Exercise materials START

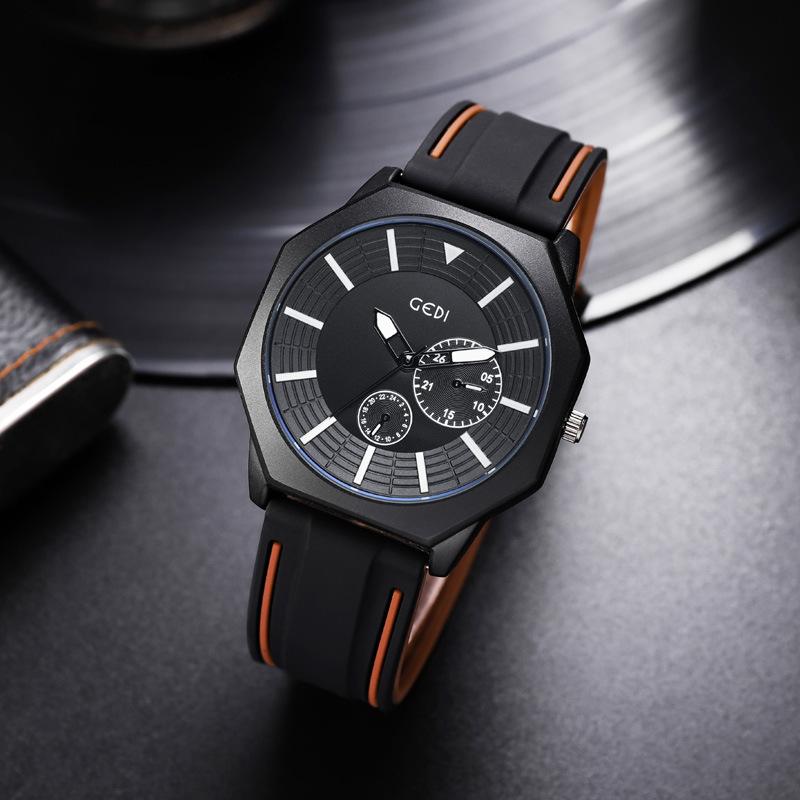 Creative Octagon Luminous Silicone Watch Men'S High-End Waterproof Watch Business Wind Quartz Watch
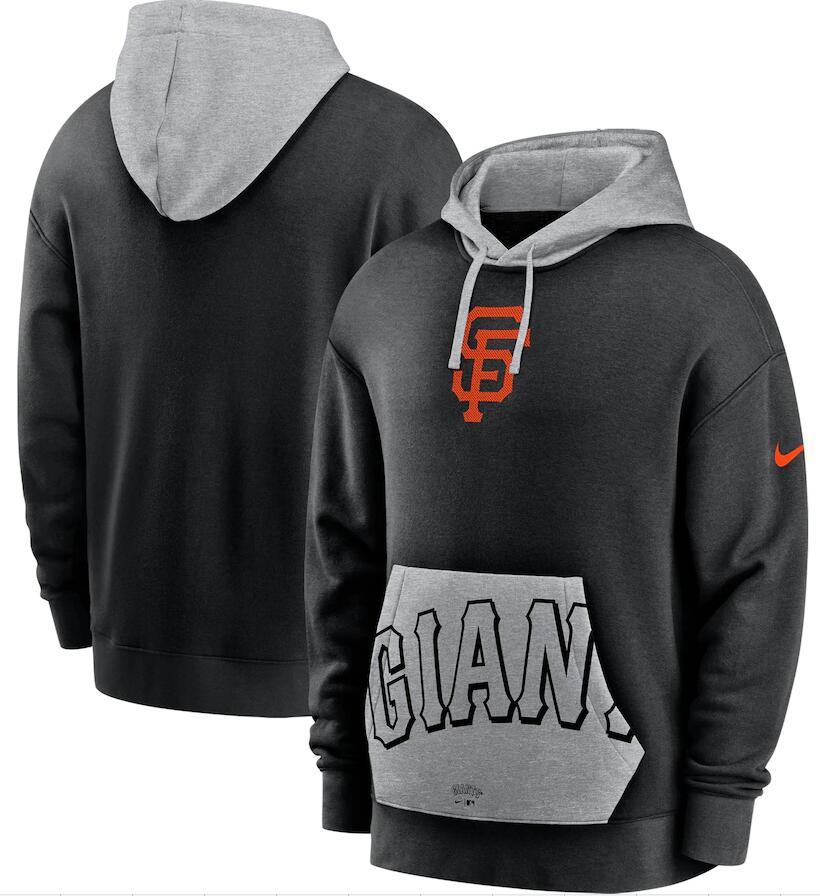 Men's San Francisco Giants Nike Black Heritage Tri Blend Pullover Hoodie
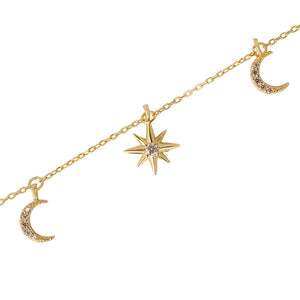 FX1160 925 Sterling Silver Star and Crescent Moon Charms Pendant Necklace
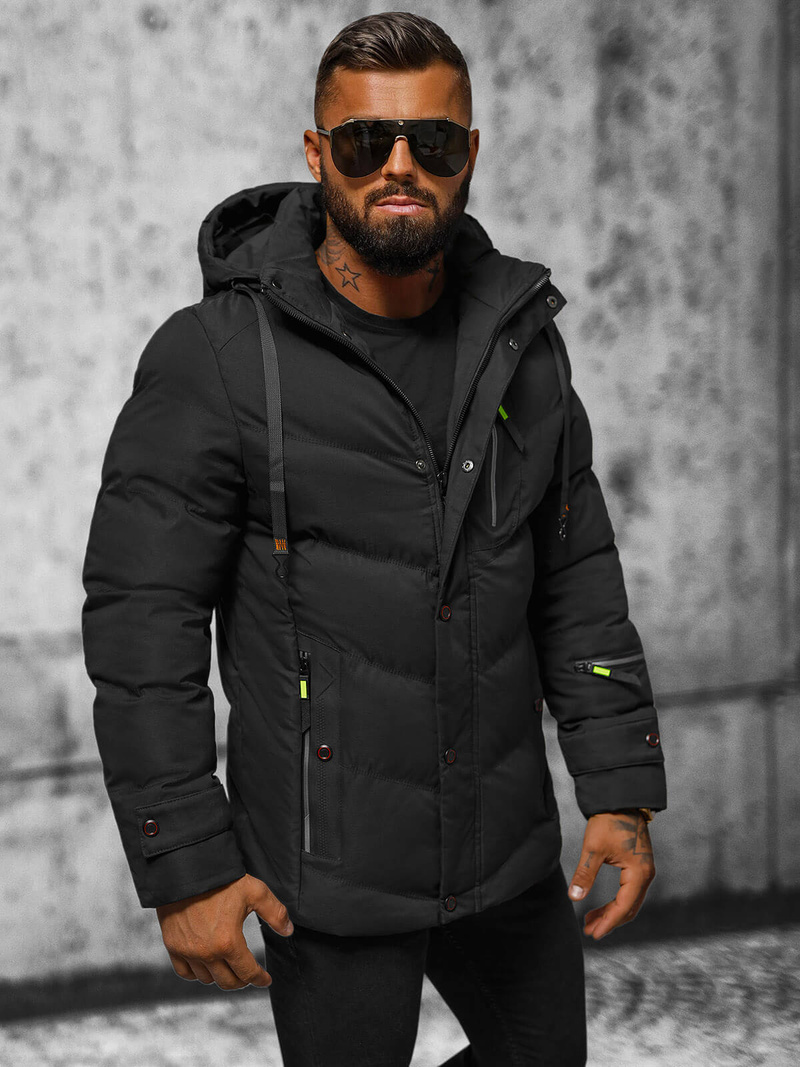 Geacă bărbați neagră OZONEE JS/5M3137/392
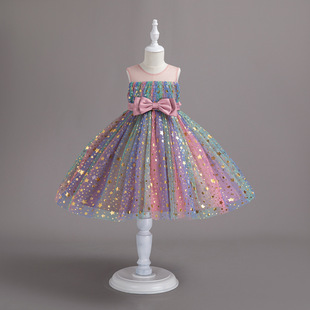 Cross-Border New Girls Dress Skirt Birthday Piano Catwalk Skirt European and American Cross-Border Children's Clothing Girls Dress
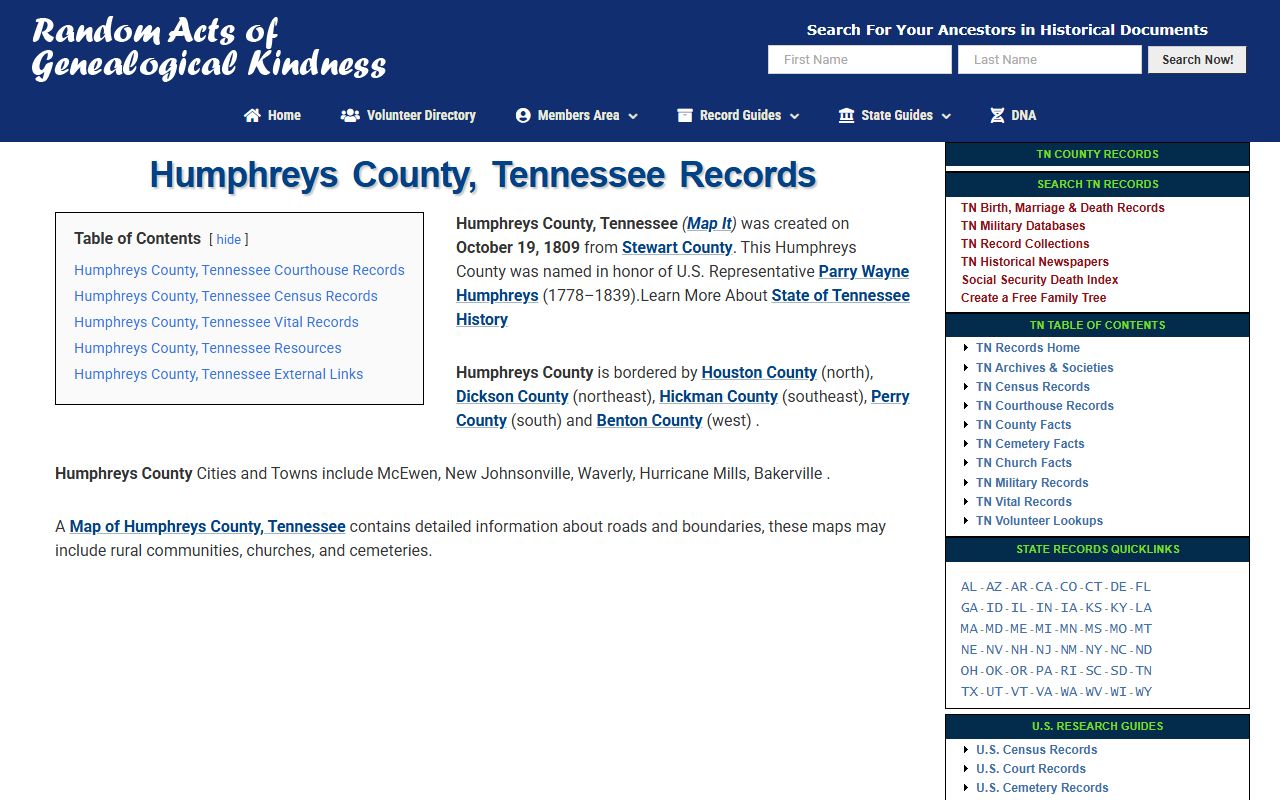 Humphreys County Marriage License historical record help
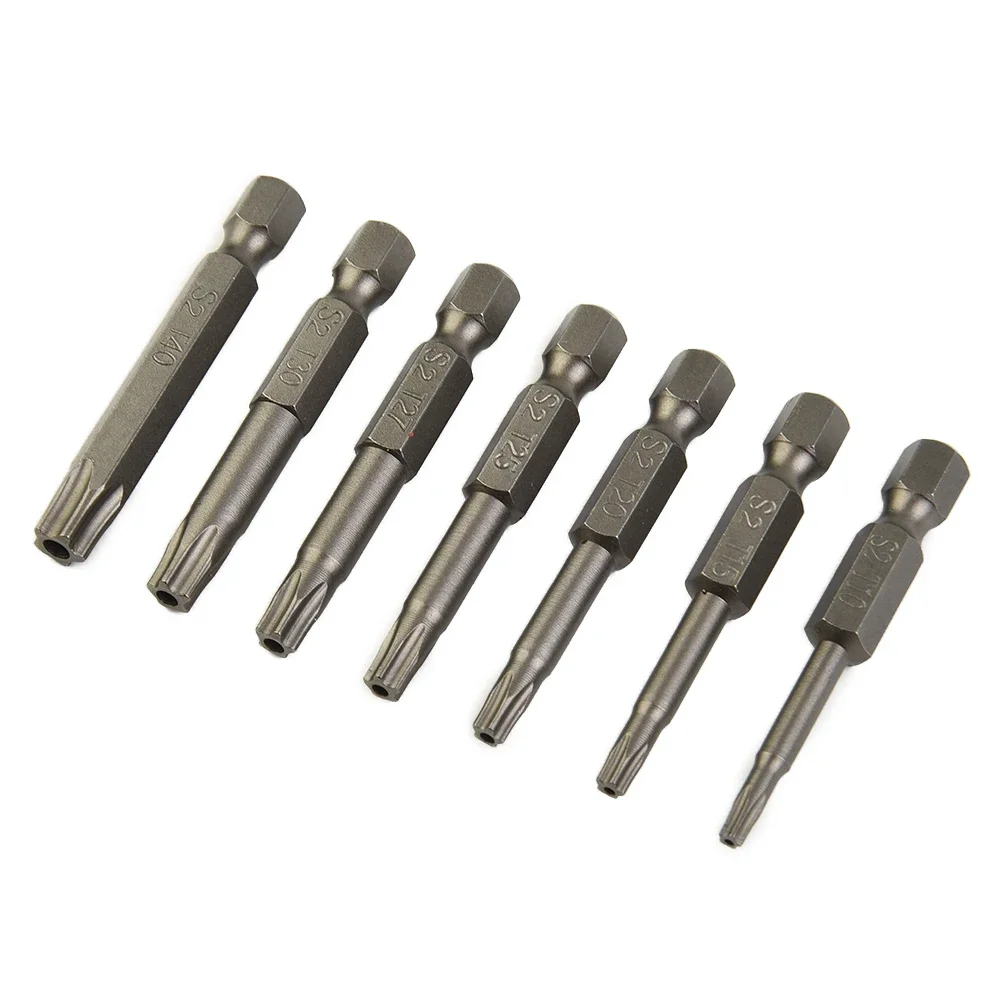 

7Pcs 50mm 1/4" Hex Shank Five-point Magnetic Torx Screwdriver Bits T10/T15/T20/T25/T27/T30/T40 Nutdrivers Tools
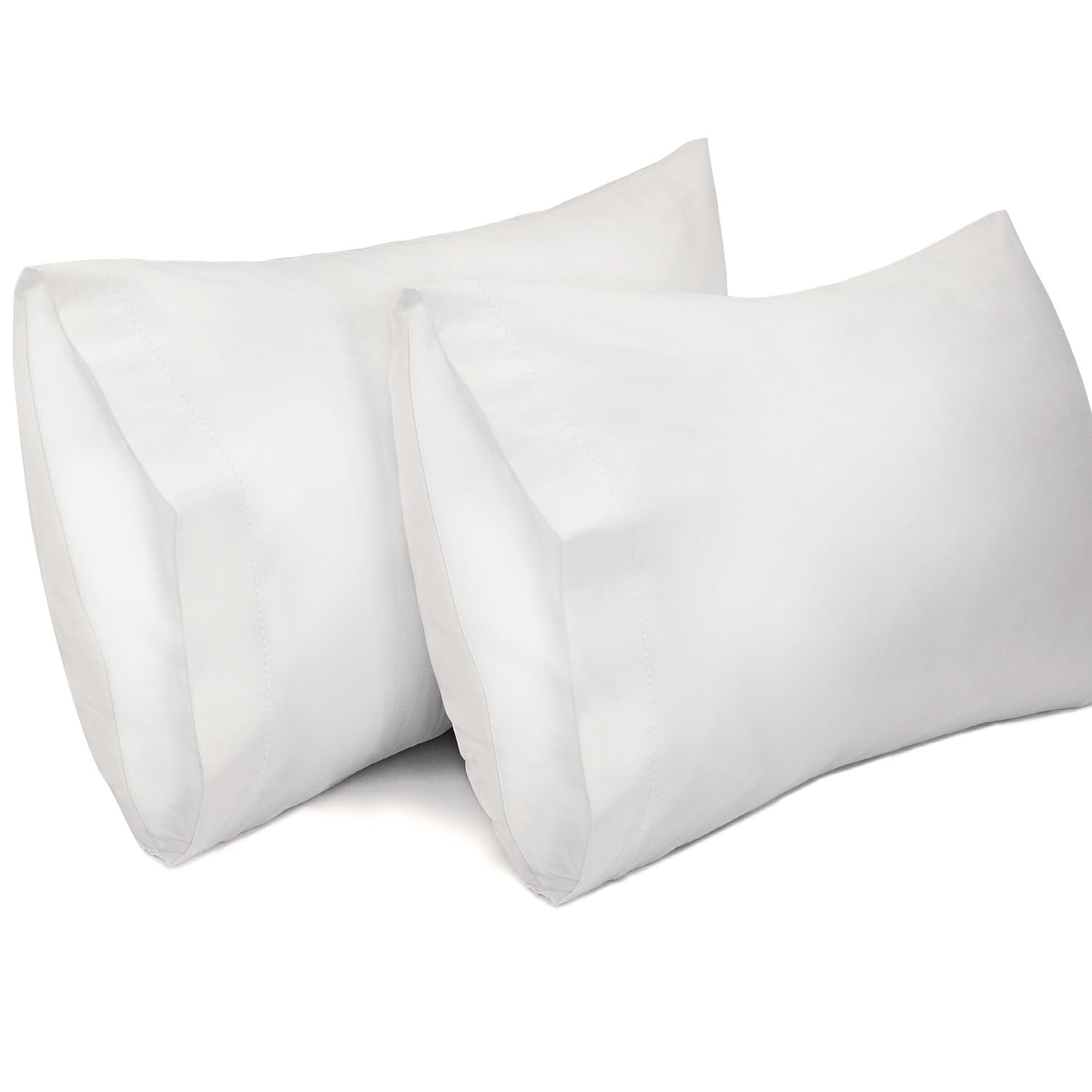 Lirex 2-Pack Federe Per Cuscini, 100% Cotone Traspirante Federe Pillow Covers, 50 X 75 Cm, Bianco-image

Exercise materials END

Take only the line containing "T10/T15/T20/T25/T27/T30/T40 Nutdrivers Tools" and every line after it to the end of the entries, and copy them exactly, pictures excluded.

Answer to this problem:
7Pcs 50mm 1/4" Hex Shank Five-point Magnetic Torx Screwdriver Bits T10/T15/T20/T25/T27/T30/T40 Nutdrivers Tools
 Lirex 2-Pack Federe Per Cuscini, 100% Cotone Traspirante Federe Pillow Covers, 50 X 75 Cm, Bianco-image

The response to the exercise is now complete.